The paper demonstrates that advanced deep learning and transformer-based models, when combined with appropriate embeddings, can achieve high accuracy in Arabic cyberbullying detection, surpassing traditional machine learning approaches. The results highlight the importance of subword-aware embeddings and domain-specific pre-training for morphologically complex languages.

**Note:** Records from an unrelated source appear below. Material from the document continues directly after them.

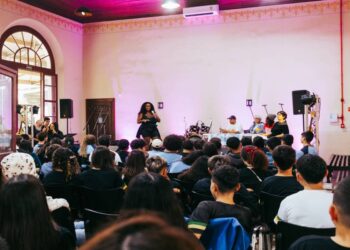 2.º Sarau Afro Parnanguara transforma data da abolição em espaço de denúncia, resistência e celebração da cultura negra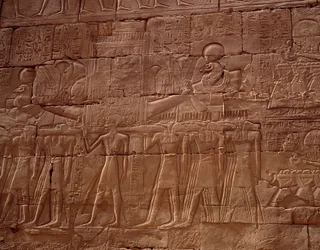 Antigüedad egipcia: relieve del templo de Karnak, Luxor, Egipto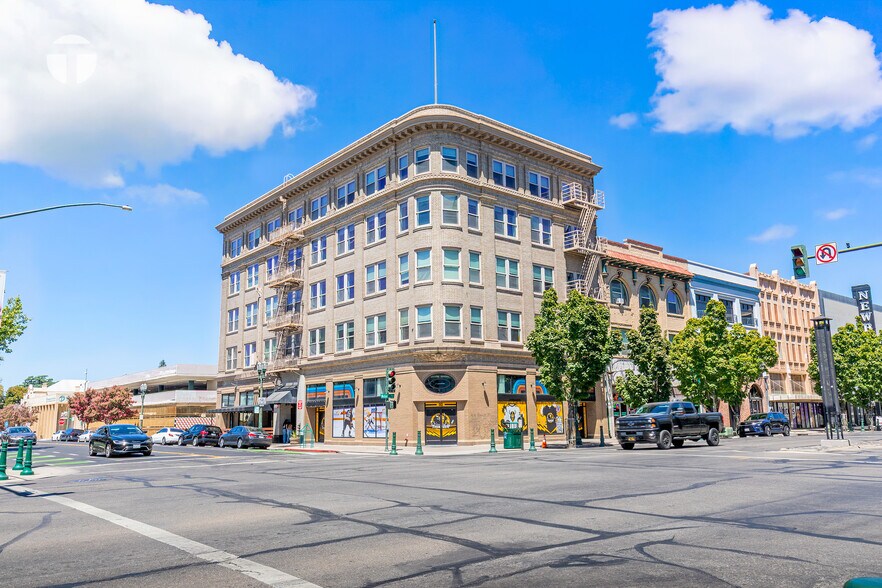 110 N San Joaquin St, Stockton, CA à vendre - Photo de l’immeuble – Image 2 sur 47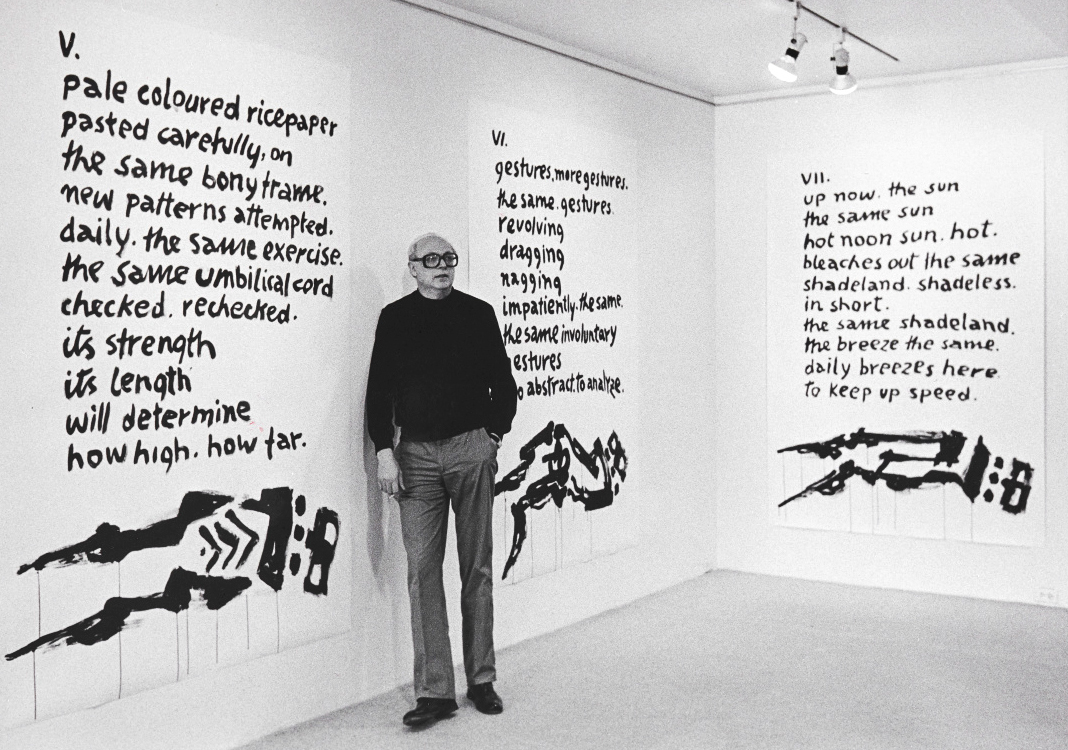 Sorel Etrog avec The Bodifestation of the Kite à la Grunwald Gallery, Toronto, 1984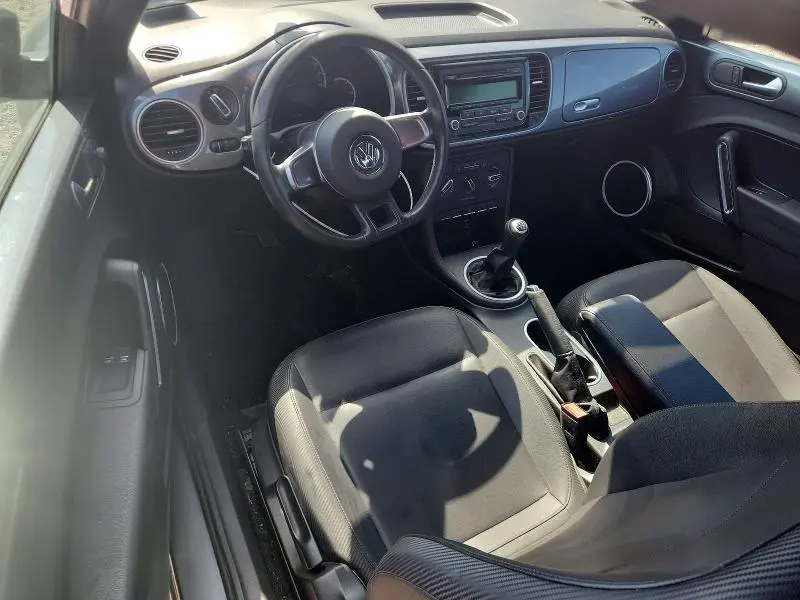 2013 VOLKSWAGEN BEETLE   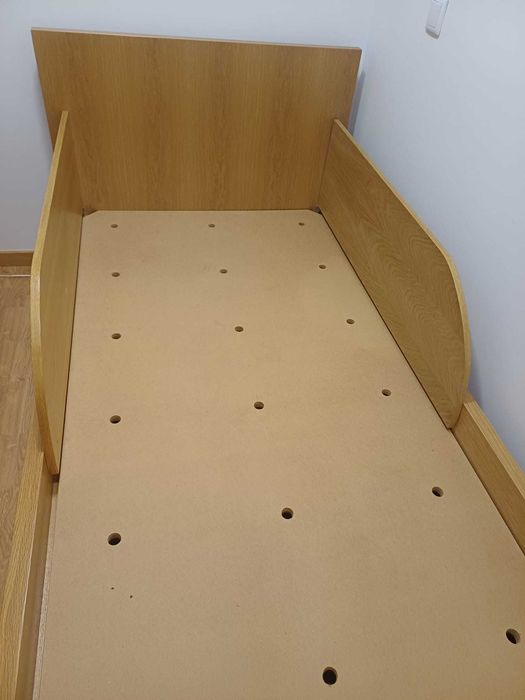 Cama Madeira de Carvalho 1,95m X 1,10m Como Nova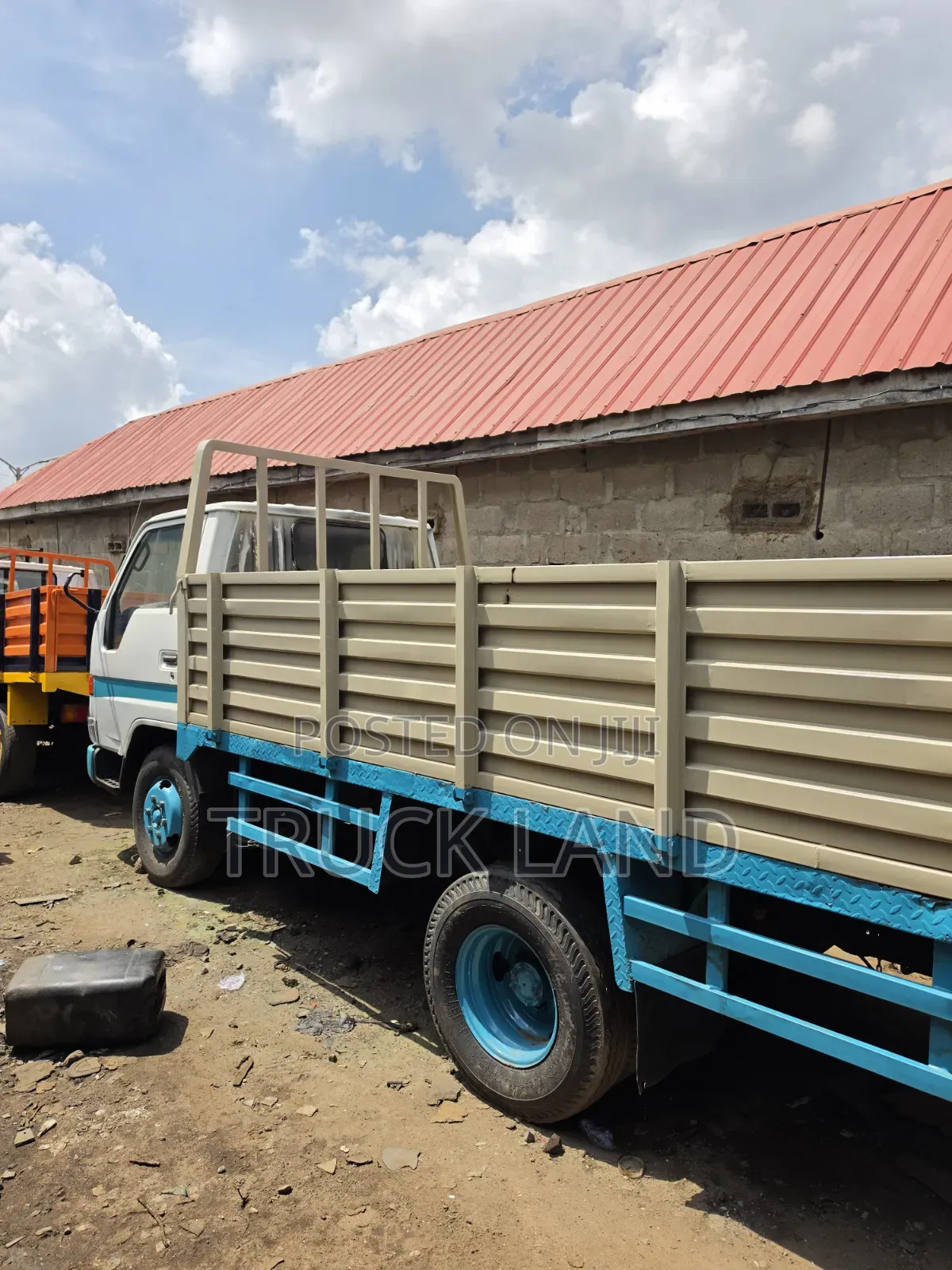 Toyota Dyna 150 Petrol Engine 6 Tyres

Future research should focus on:

Expanding datasets to cover more dialects and platforms (e.g., WhatsApp, Facebook).
Exploring additional hybrid architectures (e.g., BiGRU-BERT) and ensemble methods.
Investigating cross-lingual transfer and domain adaptation to further improve generalization.
Addressing real-world deployment challenges, such as adversarial robustness, explainability, and privacy-preserving inference.

Conclusion

This work provides a comprehensive evaluation of deep embedding and transformer-based approaches for Arabic-language cyberbullying detection. The Bi-LSTM-FastText and Bi-LSTM-BERT (CAMeL-da) models achieve state-of-the-art performance, with 98% and 97% accuracy, respectively. The findings underscore the necessity of leveraging both subword-level and contextual embeddings for effective detection in morphologically rich, under-resourced languages. The methodologies and insights presented are directly applicable to the development of automated moderation tools for Arabic social media, with broader implications for multilingual and cross-dialectal NLP tasks.